Conrad Black owns more than half the newspapers in Canada. His newspapers' foaming-at-the-mouth diatribes about the evils of feminism are ridiculous, revealing --- and purposefully dangerous. At about the same time as the latest outbreak, I was approached by an aspiring film-maker who "was told by a vice-principal and a police Task Force member" that feminism was one of the causes of girls' violence. She thought she would base a documentary on this peachy insight. That's how urban myths and political lies get propagated: if "everyone is saying it", then it must be true.

But in this case, it isn't. I'm happy to claim many achievements for feminism, but offering "equal opportunity violence" to girls definitely isn't one of them.

The opposite is closer to the truth, according to Dr. Artz, who stresses the complexity of the issue. Girls with the most rigid, stereotypical and negative attitudes about females are the most likely to engage in violence, Dr. Artz explained. Her current studies of girls in detention shows a sad pattern, she said: "When girls engage in girl-to-girl violence, it's because they're competing for male attention. This is true of oppressed groups: they commit violence 'horizontally' --- that is,  on people like themselves, in the name of people with more power."

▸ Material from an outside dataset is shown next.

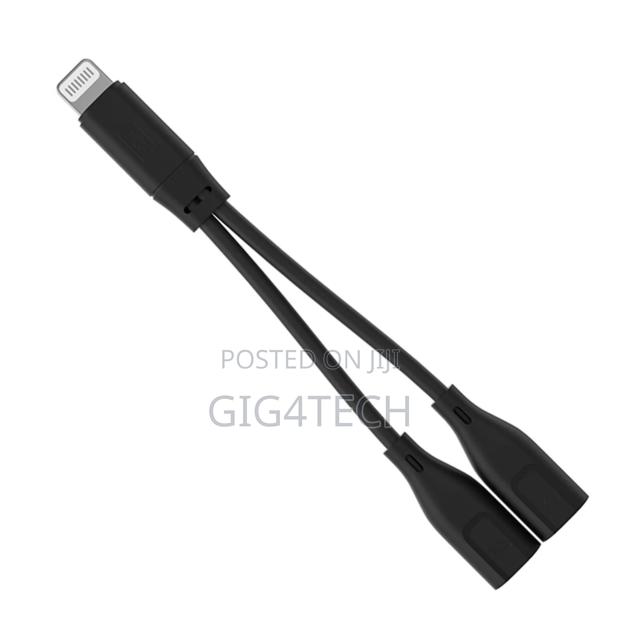 Comica Duc-Ln Usb-C to Lightning Charging Audio 2-in-1 Adapter · Photo 1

Think, if you can bear to, of the repulsive Karla Homolka, so recently in the news again. Karla, in high school, was a crazed Retro Barbie --- she actually belonged to the Diamond Club, a group of girls who passionately believed in marrying early and having babies as soon as possible.  Homolka even sneered at higher education for women, calling it a waste of time. Studying might interfere with her man-hunt. Soon, she was eagerly and without conscience abasing herself to Paul Bernardo. Only when she was caught did this young murderer embrace the feminist defence of the "battered wife" syndrome. Just one little hitch: that defence was an honest one for women so traumatized and trapped that they could escape death only by killing their abusers. Homolka's situation didn't even come close. Why should feminism take the rap for the cynical maneouverings of a psychopath and her lawyers?

It was the public's outrage at Homolka's light sentence, I believe, that lent force and credibility to the media frenzy about female violence. Obviously (who can forget the murder of Reena Virk?) girls and women, being human, are capable of  violence. The stereotype of sweet, gentle women and bold, aggressive men was precisely the sexist belief system we feminists fought against. It wasn't feminism that created the Karlas of this world, and it wasn't feminists who denied the existence of female aggression.

Girls' violence is, because of social context and conditioning, less frequent than boys' violence. But where it exists, says Dr. Artz, look for underlying  "family violence, poverty, power relationships, sexism and consumerism. "There's no one cause; these things are complex," said Dr. Artz." We can't work on prevention until we explore and understand the causes." Her exasperated conclusion about the constant misleading media prattle about girls and violence: "Silly and destructive."